Table 2 shows the MAE results on the two datasetsFootnote 6. On the Electricity dataset, the global Transformer is the best model for the 24 h horizon, and PatchTST is the best model for longer horizons. On the Ausgrid solar home dataset, PatchTST is the best model for all three horizons. The global Transformer beats the local Transformers and the multivariate Transformer across all tested horizons. On average, it reduces the error by 21.8% compared to the multivariate Transformer and by 12.8% compared to the local Transformers. Compared to the best local model, the linear regression, it reduces the error by 2.9%. Compared to the best multivariate model, FEDformer, it reduces the error by 15.4%. All multivariate models, including Informer, Autoformer, FEDformer and the multivariate Transformer, perform poorly and do not beat the persistence baseline with a lag of one week. The local linear regression models are slightly better than the global linear model, LTSF-Linear, on the Electricity dataset, but it is vice versa on the Ausgrid solar home dataset. The MLP is in five out of six cases a bit worse than the linear regression, with a 1.5% larger error on average. The local LSTMs are better than the local Transformers, but the Transformer is better as a multivariate model and as a global model (except for the one month horizon on the Electricity dataset). The forecast errors are lower on the Electricity dataset than on the Ausgrid dataset which is a more fine-grained dataset containing single private houses.

Computational cost

The training times are given in Table 3. The local Transformer models need by far the longest time to train. Their training time increases sharply with longer forecast horizons. The multivariate Transformer trains fast and is even faster than the MLPs for short horizons. Training a global Transformer is much faster than training the many local Transformers but takes longer than the linear regression, MLP and the multivariate Transformer. The LSTM always trains faster than the Transformer with the same training strategy.

Table 2 MAE results on the two datasets, with 24, 96 and 720 h forecast horizon
Table 3 Training times in hours, measured on a machine with a Nvidia 3090 RTX GPU

Discussion

Best Transformer training strategy: On the two datasets, the global Transformer is superior to the multivariate and local Transformers. We hypothesize that this is a result of the larger number of training samples for the global model (see Table 1). The Transformer benefits from more training data, even if the training data comes from different sources. The multivariate models on the other hand are prone to overfitting.

Best Transformer architecture: PatchTST is the best model in five out of six cases. However, the difference to the global Transformer is small. This shows that the success of PatchTST is mainly a result of its global training strategy. Its improvement upon the global Transformer can be due to the patching mechanism, a better hyperparameter configuration, or the encoder-only architecture. Among the multivariate models, Autoformer (Wu et al. 2021) and FEDformer (Zhou et al. 2022) give better results than the multivariate Transformer. It remains an open question whether these architectures are also better global models than the standard Transformer and PatchTST (Nie et al. 2022). Another promising architecture is the Temporal Fusion Transformer (Huy et al. 2022). In previous work with just one aggregated time series, the Informer (Zhou et al. 2021) also gave better results than the Transformer (Hertel et al. 2022a).

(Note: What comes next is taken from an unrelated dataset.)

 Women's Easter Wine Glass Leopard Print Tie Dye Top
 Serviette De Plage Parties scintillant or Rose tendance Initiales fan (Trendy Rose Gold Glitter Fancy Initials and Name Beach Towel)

Comparison with the state of the art: The global Transformer achieves a better result for short-term forecasting on the Electricity dataset than related work (Zhou et al. 2021; Wu et al. 2021; Zhou et al. 2022; Nie et al. 2022; Zeng et al. 2022), and achieves close results to the best results from PatchTST (Nie et al. 2022) for longer horizons and on the Ausgrid solar home dataset. However, to establish a state of the art for short-term and medium-term load forecasting, a comparison to other forecasting models must be undertaken, including models that are not based on the Transformer architecture and that are more sophisticated than our baselines. Using weather data could improve the forecasts, because some electrical load patterns, such as the usage of electrical heating, are weather-dependent. Weather features could affect which model gives the best results, because some models might be better in capturing these dependencies than others.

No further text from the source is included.